Etude d’un système d’échange de services sans argent

Etude d’un système d’échange de services sans argent

Université Catholique de Louvain

Département des sciences politiques et sociales

Présenté en vue de l’obtention du grade de licencié en sociologie

Etude d’un système d’échange de services sans argent

par Monsieur Mathieu Simonson

Directeur : Prof. Albert Bastenier

Rapporteur : Prof. Thomas Périlleux

Système d’échange Local

Autonomie

Equité

Solidarité sociale

Economies de la grandeur

Sincères remerciements à notre promoteur Albert Bastenier, à D. André, à mes deux frères et à mes parents pour leur précieux soutien, aux amis sociologues B. Masquelier, G. Lits, S. Hubeaux, V. Milis (en leur souhaitant bonne chance dans leur vie professionnelle), et enfin aux bruseliens qui ont très gentiment accepté de me recevoir. Longue vie à BruSEL !

Préambule

Prendre la décision de consacrer plusieurs mois d’efforts à un seul et même sujet choisi parmi cent autres a été l’exercice le plus difficile de notre formation de sociologue, le plus formateur aussi puisqu’il nous a forcés à nous défaire d’une sorte d’ambition naïve et mal placée qui consistait à voir dans le mémoire un moyen de développer de façon immédiate un trop grand nombre de réflexions et interrogations théoriques.
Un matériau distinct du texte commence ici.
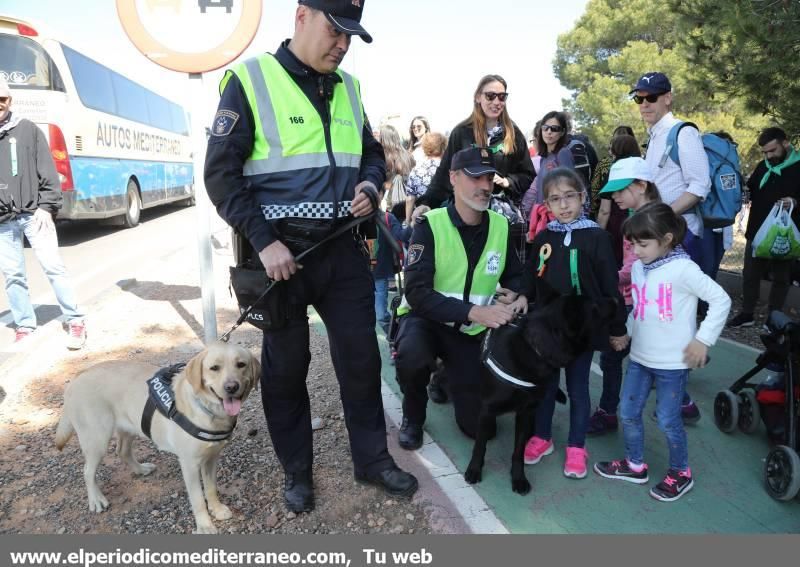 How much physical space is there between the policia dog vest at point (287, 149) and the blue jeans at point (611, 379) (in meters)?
2.00

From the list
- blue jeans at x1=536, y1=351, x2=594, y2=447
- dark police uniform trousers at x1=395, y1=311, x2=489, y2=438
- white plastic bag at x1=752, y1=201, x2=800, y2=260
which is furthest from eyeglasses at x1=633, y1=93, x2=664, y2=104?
white plastic bag at x1=752, y1=201, x2=800, y2=260

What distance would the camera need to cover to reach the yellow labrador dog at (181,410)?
2.53 m

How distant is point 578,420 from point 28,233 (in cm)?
479

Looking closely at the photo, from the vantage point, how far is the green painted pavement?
265 cm

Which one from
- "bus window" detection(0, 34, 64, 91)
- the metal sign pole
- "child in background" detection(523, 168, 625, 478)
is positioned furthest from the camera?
"bus window" detection(0, 34, 64, 91)

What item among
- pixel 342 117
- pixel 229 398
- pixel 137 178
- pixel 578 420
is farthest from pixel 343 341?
pixel 137 178

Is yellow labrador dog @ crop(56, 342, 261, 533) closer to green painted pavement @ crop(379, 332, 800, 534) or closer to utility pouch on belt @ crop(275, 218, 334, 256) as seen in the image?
utility pouch on belt @ crop(275, 218, 334, 256)

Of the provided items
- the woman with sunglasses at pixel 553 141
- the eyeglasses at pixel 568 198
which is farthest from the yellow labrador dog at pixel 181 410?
the woman with sunglasses at pixel 553 141

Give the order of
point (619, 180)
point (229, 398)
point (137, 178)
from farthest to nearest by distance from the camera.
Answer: point (137, 178) → point (619, 180) → point (229, 398)

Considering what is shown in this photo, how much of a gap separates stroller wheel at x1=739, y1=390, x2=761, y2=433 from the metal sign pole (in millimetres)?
3445

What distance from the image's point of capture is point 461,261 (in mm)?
3307

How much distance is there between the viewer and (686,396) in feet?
12.1

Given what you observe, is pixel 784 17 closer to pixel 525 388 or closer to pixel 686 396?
pixel 686 396

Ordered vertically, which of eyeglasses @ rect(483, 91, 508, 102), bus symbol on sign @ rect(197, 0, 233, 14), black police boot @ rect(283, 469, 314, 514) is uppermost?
bus symbol on sign @ rect(197, 0, 233, 14) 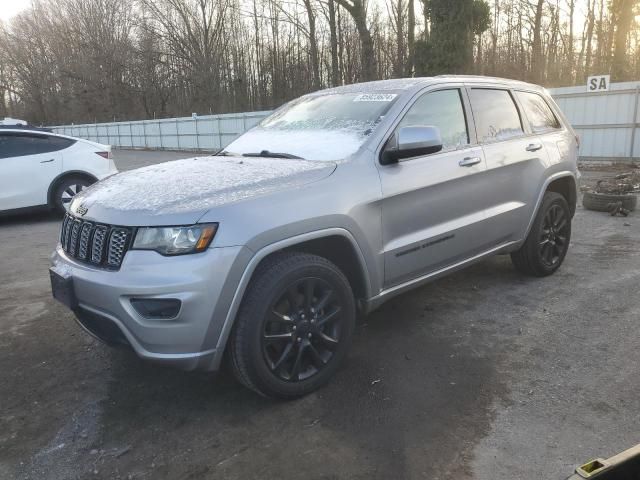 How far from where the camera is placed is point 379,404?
306cm

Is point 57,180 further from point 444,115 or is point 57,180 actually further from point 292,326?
point 292,326

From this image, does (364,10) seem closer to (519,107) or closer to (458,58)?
(458,58)

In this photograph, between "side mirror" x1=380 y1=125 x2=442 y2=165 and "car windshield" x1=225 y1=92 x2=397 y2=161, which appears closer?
A: "side mirror" x1=380 y1=125 x2=442 y2=165

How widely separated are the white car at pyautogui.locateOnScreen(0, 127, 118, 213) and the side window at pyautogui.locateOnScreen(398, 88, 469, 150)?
6.68 meters

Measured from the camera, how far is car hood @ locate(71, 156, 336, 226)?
2748mm

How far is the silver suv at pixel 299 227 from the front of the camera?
2689 mm

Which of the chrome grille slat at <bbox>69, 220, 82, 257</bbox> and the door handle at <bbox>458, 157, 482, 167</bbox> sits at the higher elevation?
the door handle at <bbox>458, 157, 482, 167</bbox>

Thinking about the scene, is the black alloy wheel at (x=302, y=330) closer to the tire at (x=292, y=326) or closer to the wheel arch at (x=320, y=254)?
the tire at (x=292, y=326)

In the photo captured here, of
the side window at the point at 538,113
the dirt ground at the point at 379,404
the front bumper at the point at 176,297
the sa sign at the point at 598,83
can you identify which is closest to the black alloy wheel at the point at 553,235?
the dirt ground at the point at 379,404

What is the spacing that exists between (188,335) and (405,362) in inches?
60.3

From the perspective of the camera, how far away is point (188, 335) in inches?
105

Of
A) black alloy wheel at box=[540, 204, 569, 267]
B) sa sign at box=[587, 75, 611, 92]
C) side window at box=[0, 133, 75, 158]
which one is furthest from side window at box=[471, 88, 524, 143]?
sa sign at box=[587, 75, 611, 92]

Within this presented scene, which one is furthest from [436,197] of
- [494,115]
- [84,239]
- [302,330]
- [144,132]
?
[144,132]

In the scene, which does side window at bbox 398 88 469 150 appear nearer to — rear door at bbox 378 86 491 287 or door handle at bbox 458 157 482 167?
rear door at bbox 378 86 491 287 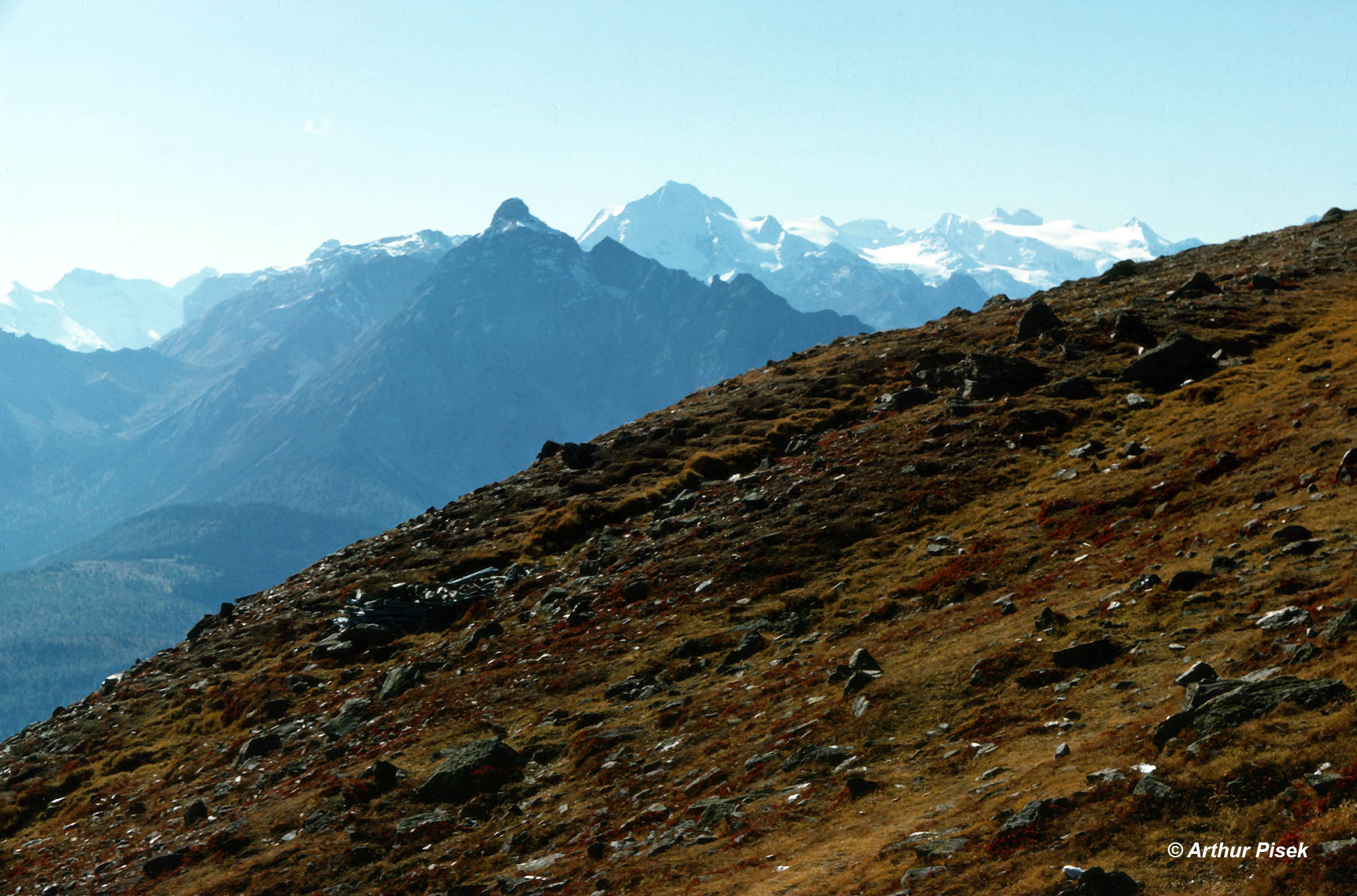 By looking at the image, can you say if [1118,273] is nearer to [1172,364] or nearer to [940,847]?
[1172,364]

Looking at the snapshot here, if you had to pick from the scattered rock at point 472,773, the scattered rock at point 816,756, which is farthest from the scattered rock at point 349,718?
the scattered rock at point 816,756

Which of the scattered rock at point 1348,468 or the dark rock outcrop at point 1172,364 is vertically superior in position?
the dark rock outcrop at point 1172,364

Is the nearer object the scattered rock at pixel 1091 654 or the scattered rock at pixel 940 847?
the scattered rock at pixel 940 847

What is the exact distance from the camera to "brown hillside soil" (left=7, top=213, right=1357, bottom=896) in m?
15.4

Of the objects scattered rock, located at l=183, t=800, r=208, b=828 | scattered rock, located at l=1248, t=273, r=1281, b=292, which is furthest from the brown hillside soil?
scattered rock, located at l=1248, t=273, r=1281, b=292

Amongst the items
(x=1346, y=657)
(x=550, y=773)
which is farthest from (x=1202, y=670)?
(x=550, y=773)

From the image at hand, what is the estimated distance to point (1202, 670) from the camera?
56.0 ft

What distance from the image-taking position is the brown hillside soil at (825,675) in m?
15.4

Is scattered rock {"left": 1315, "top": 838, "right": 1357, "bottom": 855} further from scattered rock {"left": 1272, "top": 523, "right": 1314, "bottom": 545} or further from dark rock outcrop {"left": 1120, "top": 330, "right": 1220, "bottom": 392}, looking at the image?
dark rock outcrop {"left": 1120, "top": 330, "right": 1220, "bottom": 392}

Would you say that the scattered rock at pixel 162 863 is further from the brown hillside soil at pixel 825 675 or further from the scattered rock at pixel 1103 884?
the scattered rock at pixel 1103 884

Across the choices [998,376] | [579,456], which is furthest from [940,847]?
[579,456]

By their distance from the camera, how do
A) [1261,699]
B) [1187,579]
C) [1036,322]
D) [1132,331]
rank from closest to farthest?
[1261,699] → [1187,579] → [1132,331] → [1036,322]

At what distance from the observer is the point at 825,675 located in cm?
2589

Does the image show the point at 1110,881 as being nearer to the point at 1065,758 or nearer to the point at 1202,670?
the point at 1065,758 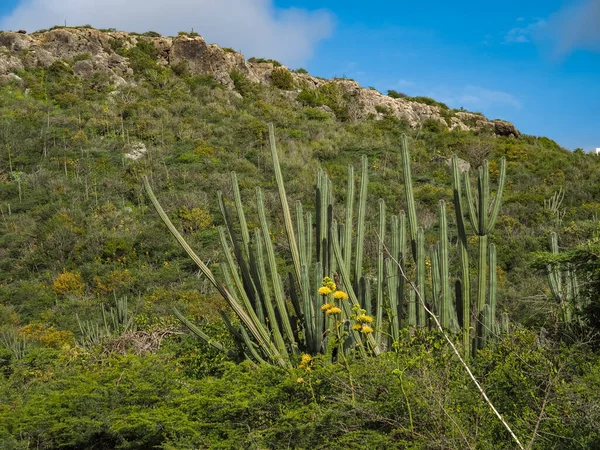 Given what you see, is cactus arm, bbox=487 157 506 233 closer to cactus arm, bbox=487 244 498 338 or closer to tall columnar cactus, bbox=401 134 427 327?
cactus arm, bbox=487 244 498 338

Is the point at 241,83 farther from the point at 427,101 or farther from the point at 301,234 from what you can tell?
the point at 301,234

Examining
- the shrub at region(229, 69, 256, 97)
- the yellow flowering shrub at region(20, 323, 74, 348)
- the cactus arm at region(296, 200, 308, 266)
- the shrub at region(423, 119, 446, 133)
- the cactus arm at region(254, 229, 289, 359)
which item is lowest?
the yellow flowering shrub at region(20, 323, 74, 348)

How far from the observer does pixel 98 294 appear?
49.8 feet

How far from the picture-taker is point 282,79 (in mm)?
35469

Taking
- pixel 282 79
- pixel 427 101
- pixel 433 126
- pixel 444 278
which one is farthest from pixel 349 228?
pixel 427 101

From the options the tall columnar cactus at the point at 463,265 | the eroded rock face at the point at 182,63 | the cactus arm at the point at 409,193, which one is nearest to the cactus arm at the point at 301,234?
the cactus arm at the point at 409,193

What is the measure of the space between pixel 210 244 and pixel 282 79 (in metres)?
20.4

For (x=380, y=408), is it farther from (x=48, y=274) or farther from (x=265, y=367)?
(x=48, y=274)

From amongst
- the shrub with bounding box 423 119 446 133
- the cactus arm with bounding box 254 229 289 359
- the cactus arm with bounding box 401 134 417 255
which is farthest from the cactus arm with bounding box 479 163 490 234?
the shrub with bounding box 423 119 446 133

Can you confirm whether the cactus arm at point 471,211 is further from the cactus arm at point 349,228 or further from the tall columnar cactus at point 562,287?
the tall columnar cactus at point 562,287

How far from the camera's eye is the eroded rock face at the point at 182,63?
100ft

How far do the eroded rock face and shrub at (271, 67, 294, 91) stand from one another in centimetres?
34

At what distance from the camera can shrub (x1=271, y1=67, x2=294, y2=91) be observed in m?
35.2

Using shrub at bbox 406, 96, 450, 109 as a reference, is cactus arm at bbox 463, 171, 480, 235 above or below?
below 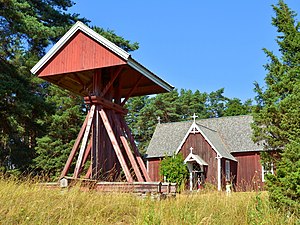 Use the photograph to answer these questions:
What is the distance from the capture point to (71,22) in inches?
919

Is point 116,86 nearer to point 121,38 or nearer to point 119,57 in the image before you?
point 119,57

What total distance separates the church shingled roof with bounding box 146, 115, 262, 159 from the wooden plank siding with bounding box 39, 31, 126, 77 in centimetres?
1818

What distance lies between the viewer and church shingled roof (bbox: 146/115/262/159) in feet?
93.6

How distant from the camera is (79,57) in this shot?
10617 millimetres

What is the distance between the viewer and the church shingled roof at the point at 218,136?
2854 cm

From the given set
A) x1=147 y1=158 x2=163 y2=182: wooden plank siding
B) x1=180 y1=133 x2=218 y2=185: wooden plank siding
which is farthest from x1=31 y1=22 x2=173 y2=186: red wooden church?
x1=147 y1=158 x2=163 y2=182: wooden plank siding

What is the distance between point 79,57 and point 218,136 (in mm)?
21891

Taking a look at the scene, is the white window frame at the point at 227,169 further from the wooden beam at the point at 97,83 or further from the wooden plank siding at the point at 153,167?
the wooden beam at the point at 97,83

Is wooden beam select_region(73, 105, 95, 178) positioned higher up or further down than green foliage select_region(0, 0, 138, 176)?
further down

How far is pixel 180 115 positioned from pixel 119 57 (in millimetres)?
43796

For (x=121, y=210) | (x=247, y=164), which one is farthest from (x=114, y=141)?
(x=247, y=164)

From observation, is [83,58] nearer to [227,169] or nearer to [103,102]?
[103,102]

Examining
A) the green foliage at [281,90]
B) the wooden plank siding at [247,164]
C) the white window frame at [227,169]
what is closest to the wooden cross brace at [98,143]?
the green foliage at [281,90]

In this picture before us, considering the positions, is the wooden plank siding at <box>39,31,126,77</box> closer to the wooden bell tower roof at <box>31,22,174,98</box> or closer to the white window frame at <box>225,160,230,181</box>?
the wooden bell tower roof at <box>31,22,174,98</box>
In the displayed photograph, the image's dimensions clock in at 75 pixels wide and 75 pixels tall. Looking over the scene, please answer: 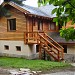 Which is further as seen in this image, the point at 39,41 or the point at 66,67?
the point at 39,41

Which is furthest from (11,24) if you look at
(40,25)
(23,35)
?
(40,25)

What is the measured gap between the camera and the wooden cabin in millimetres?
17906

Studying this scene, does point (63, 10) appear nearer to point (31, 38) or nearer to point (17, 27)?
point (31, 38)

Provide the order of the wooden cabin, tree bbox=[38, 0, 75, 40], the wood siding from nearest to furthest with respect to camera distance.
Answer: tree bbox=[38, 0, 75, 40]
the wooden cabin
the wood siding

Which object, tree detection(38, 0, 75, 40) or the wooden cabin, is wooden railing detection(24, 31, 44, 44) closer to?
the wooden cabin

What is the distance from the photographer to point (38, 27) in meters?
20.1

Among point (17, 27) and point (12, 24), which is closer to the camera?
point (17, 27)

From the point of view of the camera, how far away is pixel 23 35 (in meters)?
18.5

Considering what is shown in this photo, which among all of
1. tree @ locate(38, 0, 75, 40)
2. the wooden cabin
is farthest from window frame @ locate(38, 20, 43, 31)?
tree @ locate(38, 0, 75, 40)

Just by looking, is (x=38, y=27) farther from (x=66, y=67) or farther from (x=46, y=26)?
(x=66, y=67)

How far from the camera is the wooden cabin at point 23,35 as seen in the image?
1791 centimetres

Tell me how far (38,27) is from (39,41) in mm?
2738

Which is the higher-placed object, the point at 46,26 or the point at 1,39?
the point at 46,26

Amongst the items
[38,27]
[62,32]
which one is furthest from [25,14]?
[62,32] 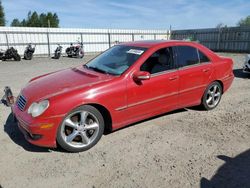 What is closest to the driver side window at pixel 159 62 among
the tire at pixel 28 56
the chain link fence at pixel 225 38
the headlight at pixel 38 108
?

Se concentrer sur un seul terrain et cela en partant d’une seule question toute ténue – loin d’amener comme nous l’avions longtemps pensé à une réduction de nos interrogations – ouvre le regard, transforme les évidences en idées, redonne foi en ce qui est petit, tire magnifiquement le sens de ce qui semblait insignifiant.

Pourquoi vouloir analyser un SEL ? Les systèmes d’échange local ont commencé à susciter notre intérêt en juillet 2004. Cela a commencé par une simple conversation, puis par la lecture d’articles concernant les SEL français.

Alors que nous n’avions encore aucune connaissance du terrain, ce qui éveilla notre curiosité pour les SEL fut ceci : a priori les selistes nous apparaissaient comme des personnes ayant quelque peu perdu confiance dans le projet de société moderne et tentant de se reconstruire un petit monde dans lequel (et sur lequel) il était possible pour eux d’agir de façon libre et autonome.

Le chômage, la précarité et la dépersonnalisation des relations humaines étaient – selon l’idée que nous nous en étions faite en intégrant sans doute un peu dogmatiquement ce que nous avions pu apprendre sur le sujet – autant de motifs à l’extinction de l’agir libre et autonome des individus.

Dans un monde où le chômage et la précarité font rage et cela malgré l’augmentation de la richesse globale, des individus en viennent à repenser le vivre ensemble, l’association. C’était là le phénomène qui nous passionnait.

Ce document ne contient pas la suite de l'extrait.